Other than species differences, nutritional factors also affect LC-PUFA biosynthesis in teleosts through modulation of desaturase and elongase gene expression and subsequent effects on enzymatic activity. Many studies in freshwater and diadromous teleost fish species have shown that replacing FO by VO in diets resulted in increased expression of desaturase and, in some cases, elongase genes consistent with similarly increased enzymatic activity [29], [45]–[47], [49]–[53]. Similar results were also observed in marine fish [12], [33]. The results of the present study showed that dietary fatty acid composition affected the expression of fads2 in S. argus, with higher expression levels detected in livers from fish fed diets with VO compared with the FO dietary group. As mentioned above, this was consistent with previous reports that replacing FO by VO resulted in increased Δ6 fads mRNA expression level in fish such as Atlantic salmon [29], [45], [46], [53], [54], Atlantic cod [33], gilthead seabream [55] and common carp [11]. Furthermore, a previous study also showed that the ratio of LNA/LA influenced the expression of key enzymes involved in LC-PUFA biosynthesis in rabbitfish [14]. The present results also showed that highest Δ6 fads mRNA expression was detected in liver of S. argus fed a diet with an LNA/LA ratio of around 1.72. As LNA and LA are substrates that compete for the Δ6 desaturase, this result may be related to the differential activity that the enzyme may have for these fatty acid substrates as suggested by the yeast expression assay.

However, the precise molecular mechanism involved in the nutritional modulation of LC-PUFA synthesis is unclear. Tocher et al [52] argued that a likely mechanism was based on classical feedback inhibition, with expression of LC-PUFA biosynthesis genes being suppressed by dietary LC-PUFA. In fish fed dietary VO, which lack LC-PUFA, this feedback inhibition is reduced and so suppression of gene expression is reduced leading to increased expression of the desaturase genes and consequently increased enzyme activity. Other authors have suggested that high levels of substrate C18 PUFA may also play a role as ligands involved in the activation of transcription factors that can enhance gene expression and thus promote the synthesis of LC-PUFA [56], [57]. Therefore, it appears that gene expression, fatty acid specificity, and dietary ratio of LNA/LA can combine to influence Δ6 Fads2 enzyme activity and that maximal efficiency of n-3 LC-PUFA biosynthesis could be obtained with particular levels of C18 PUFA [49], [55], [58]. This competition has been demonstrated as Eurasian perch showed higher ARA synthesis when the dietary ratio of LNA/LA was 0.64 than when it was 0.03 [59] and, consistent with this, an excess of 18:3n-3 inhibited Δ6 fads enzymatic activity and prevented the desaturation of 18:2n-6 in salmon [60]. Similarly, studies in salmonids showed that too high level of 18:2n-6 in VO may also inhibit the desaturation of 18:3n-3 [51], [61]. However, it has also been suggested that a dietary excess of 18:3n-3 could block Δ6 fads gene transcription [55]. Therefore, in addition to the LC-PUFA/C18 PUFA ratio, it is also important to maintain an appropriate LNA/LA ratio in diets to meet the requirements of essential fatty acids for normal life.

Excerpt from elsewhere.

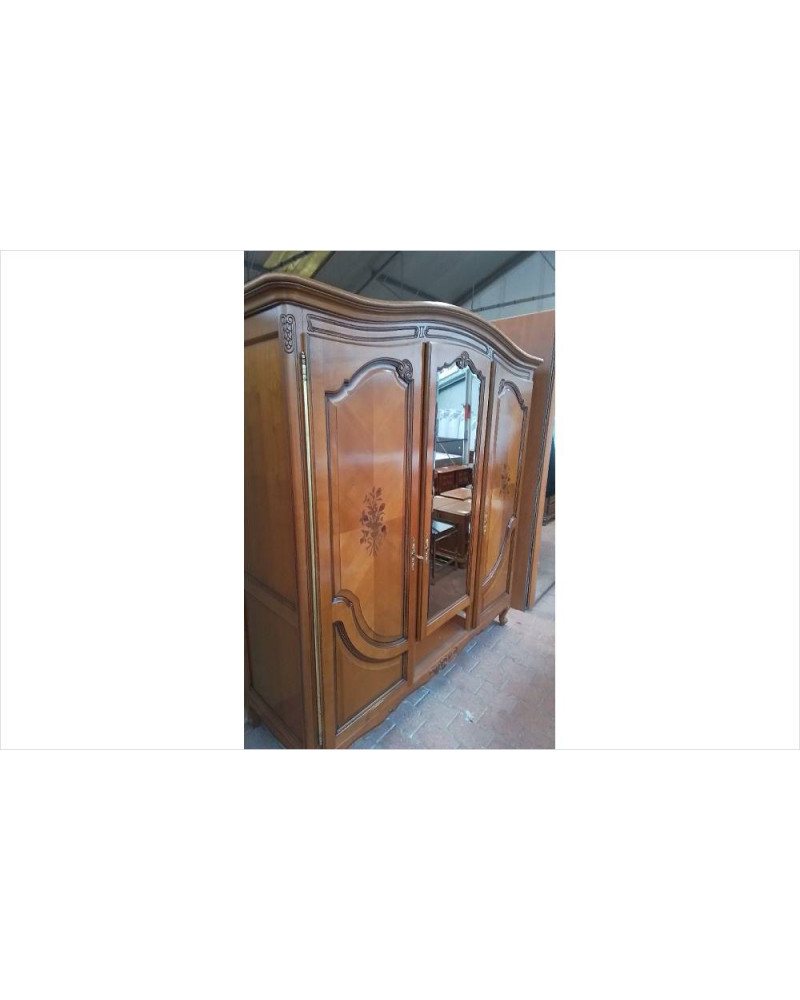 ARMOIRE 3 PORTES MERISIER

In conclusion, the present study has described the successful cloning and characterization of a fads2 cDNA with Δ6 desaturase activity from the euryhaline herbivorous teleost S. argus. The predicted protein contained all the typical features of Fads-like proteins, and shared high homology with other teleost Fads. Highest mRNA expression level of S. argus fads2 was detected in liver followed by brain, reflecting a pattern more associated with freshwater and salmonid fish than marine species. Replacing FO with a VO blend with a dietary ratio of LNA/LA of 1.72 resulted in greatest up-regulation of fads2 expression in liver of S. argus. The results indicated that S. argus may have a different LC-PUFA biosynthetic pathway from rabbitfish although they share largely similar habitats and feeding habits.